The problem: Starting at the line that holds "Vektör karikatür çizim" and stopping at the line that holds "Turkey Pizza Fall", restate the records below word for word, with both of those lines included.
╭─ Record set
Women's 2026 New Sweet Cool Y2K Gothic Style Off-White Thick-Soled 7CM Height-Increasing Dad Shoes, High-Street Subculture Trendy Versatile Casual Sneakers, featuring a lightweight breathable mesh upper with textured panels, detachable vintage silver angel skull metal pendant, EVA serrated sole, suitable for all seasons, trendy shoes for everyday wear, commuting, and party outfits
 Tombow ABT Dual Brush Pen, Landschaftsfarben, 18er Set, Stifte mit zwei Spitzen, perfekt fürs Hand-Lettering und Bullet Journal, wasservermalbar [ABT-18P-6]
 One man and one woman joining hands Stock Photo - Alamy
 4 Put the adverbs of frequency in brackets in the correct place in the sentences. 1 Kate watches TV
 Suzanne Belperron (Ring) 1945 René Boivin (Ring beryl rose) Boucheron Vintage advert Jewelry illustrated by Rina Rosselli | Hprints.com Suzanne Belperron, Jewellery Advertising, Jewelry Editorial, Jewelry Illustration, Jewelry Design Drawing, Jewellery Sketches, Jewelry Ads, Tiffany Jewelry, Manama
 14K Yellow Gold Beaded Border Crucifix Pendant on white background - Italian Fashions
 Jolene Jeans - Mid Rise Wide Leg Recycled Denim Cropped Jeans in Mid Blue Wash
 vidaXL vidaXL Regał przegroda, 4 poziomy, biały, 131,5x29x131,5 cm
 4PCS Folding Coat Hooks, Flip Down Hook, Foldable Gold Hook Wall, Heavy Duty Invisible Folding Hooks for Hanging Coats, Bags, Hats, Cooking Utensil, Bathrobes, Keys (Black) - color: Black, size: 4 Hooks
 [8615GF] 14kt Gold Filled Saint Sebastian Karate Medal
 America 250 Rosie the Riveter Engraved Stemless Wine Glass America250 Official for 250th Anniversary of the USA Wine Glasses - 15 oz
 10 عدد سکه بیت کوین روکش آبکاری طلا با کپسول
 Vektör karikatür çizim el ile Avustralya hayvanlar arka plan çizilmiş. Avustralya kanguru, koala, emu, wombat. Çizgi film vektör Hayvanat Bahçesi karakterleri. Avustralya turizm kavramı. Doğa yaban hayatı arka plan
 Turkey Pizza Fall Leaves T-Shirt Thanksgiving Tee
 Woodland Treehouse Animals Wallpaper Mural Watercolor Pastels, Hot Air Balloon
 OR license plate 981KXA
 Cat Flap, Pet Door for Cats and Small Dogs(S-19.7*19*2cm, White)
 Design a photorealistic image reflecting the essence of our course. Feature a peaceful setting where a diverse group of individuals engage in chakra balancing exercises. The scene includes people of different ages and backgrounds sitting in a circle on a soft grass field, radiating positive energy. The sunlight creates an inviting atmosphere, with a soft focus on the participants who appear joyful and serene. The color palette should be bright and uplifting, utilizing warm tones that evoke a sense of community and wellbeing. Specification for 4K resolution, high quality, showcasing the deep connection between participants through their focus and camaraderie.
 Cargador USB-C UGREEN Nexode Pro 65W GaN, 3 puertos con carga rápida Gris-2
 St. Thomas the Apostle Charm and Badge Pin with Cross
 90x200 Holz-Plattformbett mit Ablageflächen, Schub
╰─
Answer space:
 Vektör karikatür çizim el ile Avustralya hayvanlar arka plan çizilmiş. Avustralya kanguru, koala, emu, wombat. Çizgi film vektör Hayvanat Bahçesi karakterleri. Avustralya turizm kavramı. Doğa yaban hayatı arka plan
 Turkey Pizza Fall Leaves T-Shirt Thanksgiving Tee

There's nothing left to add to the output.